Fish Like a Pro - Carolina Country

Fish Like a Pro

Embrace these habits to catch bigger fish

By Brandpoint

Fish Like a Pro

Fly Fishing in the Tuckasegee River (Photo courtesy of

Anyone who has put time in fishing knows that the big one isn’t always caught by the most experienced angler. In other words, there can be a lot of luck in fishing. On the other hand, if you want to consistently catch more fish and bigger fish (and create your own luck), you can set yourself up for greater success if you follow these tips.

Go to the fish.

It sounds obvious but it’s important. Conditions in some areas produce an outsized number of fish or trophy-size fish. For example, professional bass fishing tournaments tend to be conducted on big bodies of water known for their big numbers. Before you head out, read fishing reports online. The North Carolina Division of Marine Fisheries’ website offers coastal reports. The regional summaries estimates catches of various fish by interviewing hundreds of anglers throughout the coast. Resources on the North Carolina Wildlife Resources Commission’s website include a map that shows ponds and lakes where fish attractors have been placed.

Wobbling is good.

Big fish zero in on wounded fish for an easy meal. Lures that mimic wounded motions include the Original Floating Rapala, a lure created with natural balsa wood that recreates the wobbling motion of a wounded bait fish.

Use needle-sharp hooks.

Many fish have hard mouths so you need to use a hook that will hold on when a fish bites down on your bait. Fishing pros like Ott DeFoe and Jacob Wheeler rely on needle-sharp hooks to win major bass tournaments.

Focus on structures.

Have you ever noticed when you go to a party how everyone hangs around the island in the kitchen? Fish are no different, really — they like to hover around rocks and reefs, hang around dock and pier posts, and hide in weed beds.

Keep asking why.

In a fishing magazine article, pro angler Mike Iaconelli was asked about why he loves fishing and why bass pros are so good at it. Iaconelli said he looks at fishing like solving a puzzle. When he catches a fish, he asks himself, “Why did that happen?” so he can learn from it and keep catching more.

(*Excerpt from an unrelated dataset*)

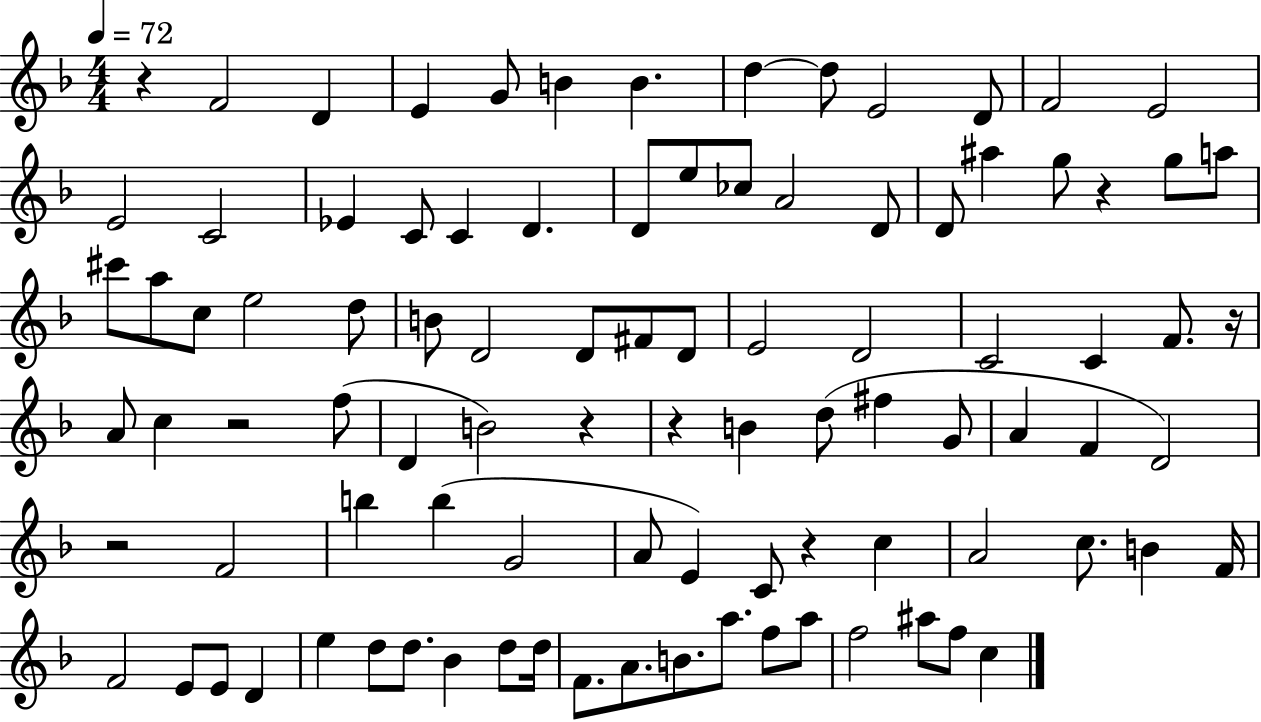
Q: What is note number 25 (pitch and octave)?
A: A#5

Replace your fishing line.

Don’t take a chance. Check your line regularly for nicks and abrasions, according to professionals at Sufix, and get in the habit of replacing your fishing line annually if you fish frequently.

Dangle big lures.

In general, big fish are kind of lazy. They want to eat as much as they can while spending the least amount of energy getting their food. It’s hanging out on the couch all day and having a fully stocked fridge within just a short reach. So, when you’re going after bigger fish, try using bigger lures.